■ Directions for this task
The required output is the exact run of lines below that opens at the line with "Der Hafen von" and closes at the line with "Used 2008 Holiday".

■ Given records
• • • • •

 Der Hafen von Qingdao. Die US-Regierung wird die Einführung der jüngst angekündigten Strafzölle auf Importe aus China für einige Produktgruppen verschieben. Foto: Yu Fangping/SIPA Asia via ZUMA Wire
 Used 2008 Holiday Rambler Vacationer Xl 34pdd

• • • • •

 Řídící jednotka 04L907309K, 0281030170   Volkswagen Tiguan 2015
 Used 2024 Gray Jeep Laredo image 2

• • • • •

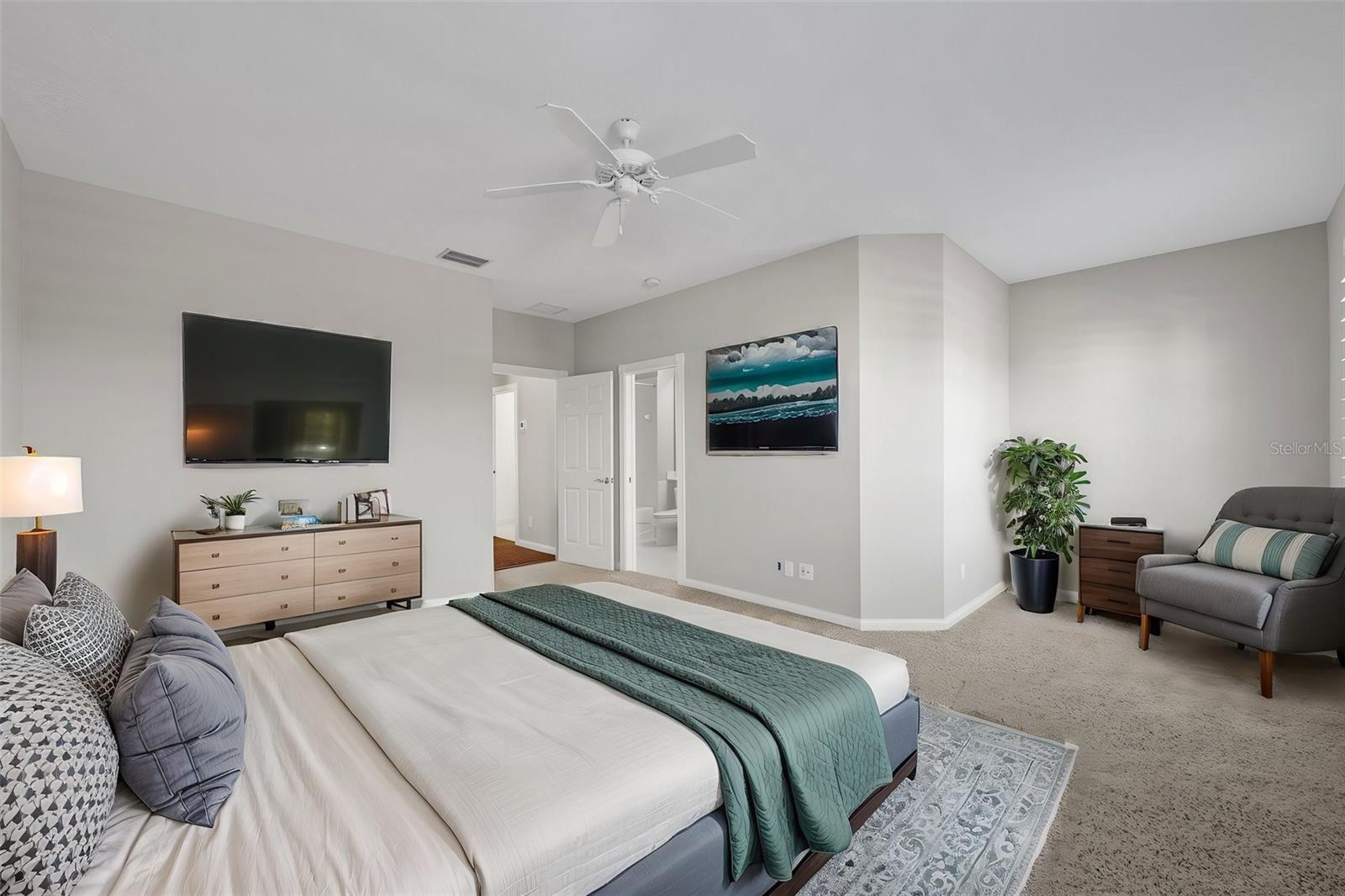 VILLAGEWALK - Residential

• • • • •

■ Task solution
 Der Hafen von Qingdao. Die US-Regierung wird die Einführung der jüngst angekündigten Strafzölle auf Importe aus China für einige Produktgruppen verschieben. Foto: Yu Fangping/SIPA Asia via ZUMA Wire
 Used 2008 Holiday Rambler Vacationer Xl 34pdd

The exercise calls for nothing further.